Even cancer can cause the body to attack its own nervous system, they said. "The immune system evolved to fight microbes," said Dr. Lawrence Steinman of Stanford University. "But some of the microbes share characteristics of some of the cells in the nervous system." As a result, he said, immune system attack cells can confuse brain or nerve cells with the enemy and mount a powerful attack. Disorders caused by an immune system gone awry are called autoimmune diseases. When such autoimmune attacks strike the brain or nervous system, victims can suddenly lose the ability to coordinate their arms and legs, or develop the rare "stiff-man syndrome" in which every muscle is uncontrollably rigid. In children, autoimmune action can initiate Rasmussen's enchephalitis, a rare type of epilepsy that involves constant and unremitting seizures.

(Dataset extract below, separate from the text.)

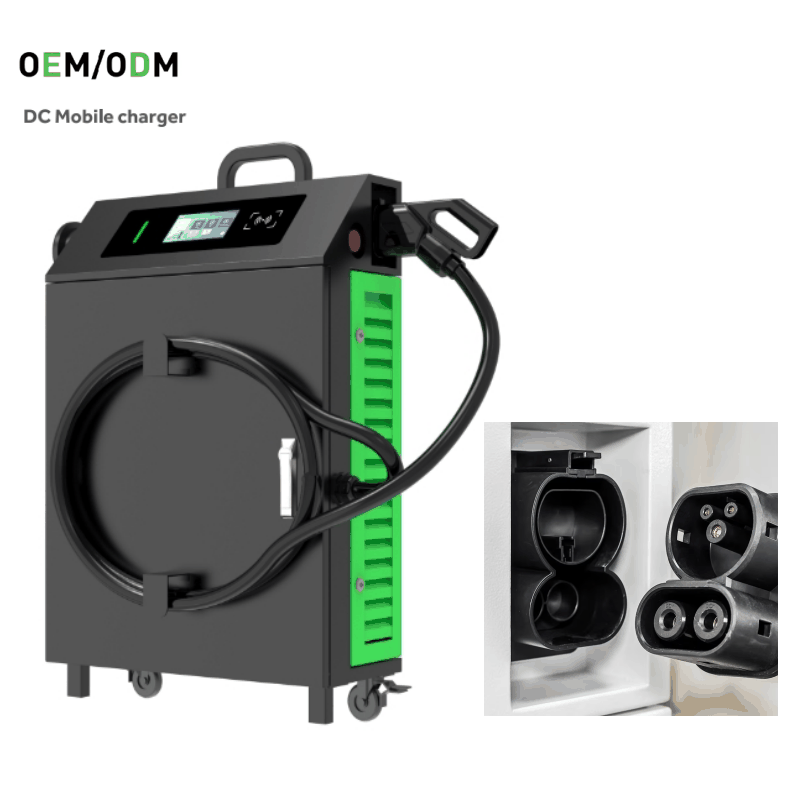 Mobile DC Fast EV Charger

Dr. Jerome Posner of Memorial Sloan-Kettering Cancer Center and Cornell Medical College, said some cancer victims develop neurological disorders because the body is mounting an attack against cancer cells. Some patients have been found to have antibodies that attack not only the cancer, but also the central nervous system, and often the neurological disease appears first, he said.
In some patients, said Posner, surgically removing the cancer has cured the neurological disease because it turns off the immune system attack. Dr. Michele Solimena of Yale University said he has treated patients who develop the stiff-man syndrome, a "very serious disease" that researchers now know can be caused when the immune system attacks brain neurons that control muscles. Despite its name, stiff-man syndrome attacks mostly women, and most of the victims have diabetes or breast or ovarian cancer.
Solimena said studies show that the syndrome is caused when the immune system attacks neurons that produce an enzyme called GAD. This same enzyme is also produced by pancreas cells, further supporting the conclusion that an autoimmune reaction is causing both disorders. Dr. Scott Rogers of the University of Utah said he linked Rasmussen's encephalitis with a flawed immune system attack while researching brain chemistry in rabbits. He said two rabbits developed symptoms like those of the epilepsy when brain cells were exposed to certain antibodies.